Since I got started on this site rather late in the year, I haven’t done any posts yet on hot tech news. So I’ll do a quick rundown on some of the coolest stuff to hit the interwebs this year.
Google Glass–wearable internet. Looks like a pair of glasses without the lenses, but I see lenses are available. I’m cloudy on the projection, how one sees what is projected. Right now they’re pretty expensive–$1500–but the price is expected to drop dramatically once they go into full production. I’m also not clear on internet access method, simply because I haven’t gone looking. I see limited application beyond being a toy. I can see how for people with disabilities it could introduce new methods of access to information. I can also see that it may introduce eyestrain issues, not to mention being a huge distraction for some people. I can see the need for legislation regarding its use, which I find unfortunate because I would rather see LESS legislation rather than MORE; but in order to protect the privacy and rights of the viewed, something will need to be put into place.
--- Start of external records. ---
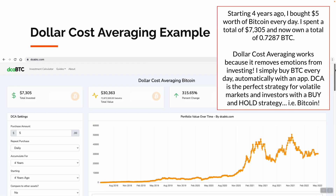Here's a Dollar Cost Averaging example. Starting four years ago, I bought $5 worth of Bitcoin every day. I spent a total of $7,305 and now own a total of 0.7287 BTC. Dollar Cost Averaging works because it removes emotions from investing — I simply buy Bitcoin every day, automatically, with an app.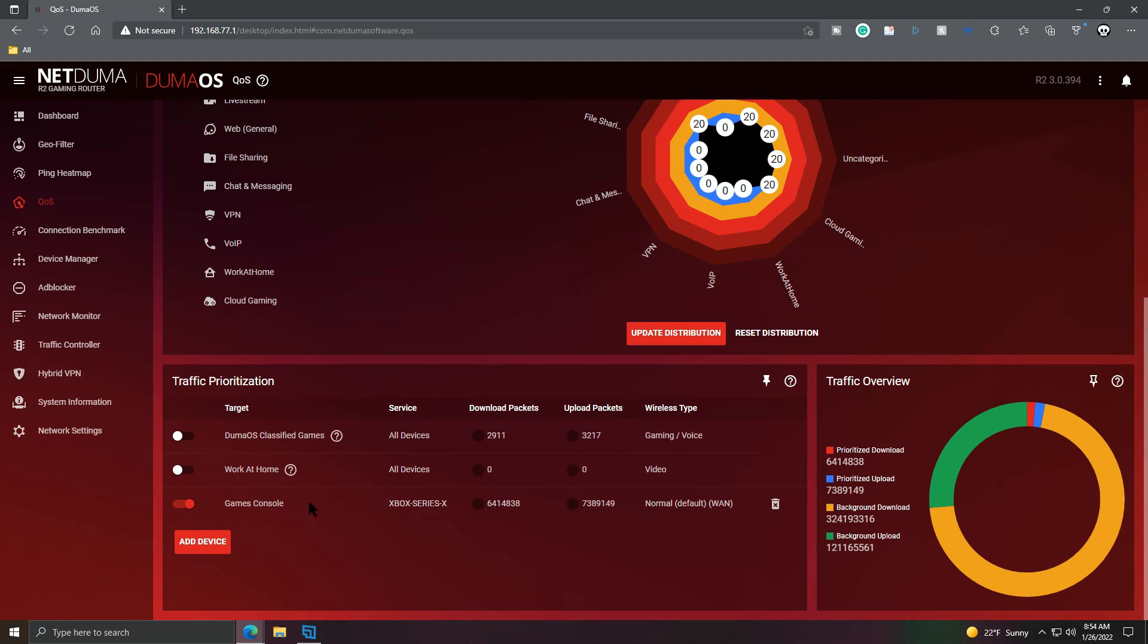Alright, so as you can see, I have my own custom rule already. Games console, which is the Xbox Series X I own, and there are my download and upload packets. And then, as you can see for here, it says normal, default, and then WAN.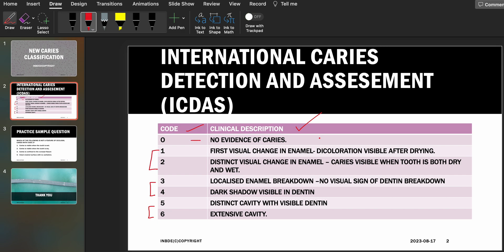Code zero implies there is no evidence of caries and there will be a smooth tooth surface. Code one is the first visual change in the enamel, meaning discoloration or opacity. The discoloration could be white or brown in color, and it is visible only after drying — so this is an important point: it is only visible when the tooth is dry, not when it is wet.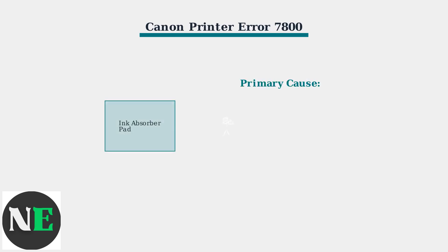The primary cause of error 7800 is usually a saturated ink absorber pad. These pads collect waste ink during cleaning cycles, and when they become full, the printer shuts down to prevent ink overflow and damage.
Copyright Lawyers were the Big Winners–Please notice that I did not say copyright HOLDERS. Right up there with them is Patent Trolls. The concept of “Fair Use” is still in play but when the internet police are using robots as a poor substitute for common sense, a takedown notice is becoming disappointingly common. It’s expensive to fight both fraudulent Digital Millennium Copyright Act (DMCA) takedown notices and patent lawsuits, and it’s immoral to have to do so. Patent trolls buy up patents or secure a patent on a technology that they didn’t create, can’t explain, and don’t produce, which is a bit of an indictment on the patent system itself. Pay attention to what you use and how you use it, but for the most part, understand that DMCA trolls and patent trolls are actually trolling for deep-pocketed fish.
Bitcoin–the emerging internet currency. Anonymous like cash, losable like cash, stealable like cash, ephemeral as mist. Usable for much more than illicit drugs and firearms, Overstock.com announced that it will begin accepting Bitcoin as currency for its transactions. I don’t own any Bitcoin, it’s hard to get organically at this point, and the price is highly volatile, due partly to the uncertainty of its future and acceptance. There were a couple of notable stories this year on Bitcoin: one man forgot that he had the encryption key to his Bitcoin vault stored on his hard drive and tossed the computer into a landfill. (Not a good idea anyway due to the toxic components in computers.) He says he had over a million dollars in Bitcoin that he now cannot get to. Still unclear as to how that will play out, but the nature of Bitcoin is that it is untraceable, so he may just be out that million dollars. The other story is about a theft of Bitcoin from one of the Bitcoin exchanges–a bunch of customers just plain lost their money when some of the exchange officials took it and split. Not that our currency is solid and stable, but it’s still a touch more predictable than Bitcoin at this point.
Raspberry Pi–the palm-sized computer for serious enthusiasts–became more widely available this year. If you want to learn how computers work, get this affordable device ($25), scour the web for some instructions, and get started.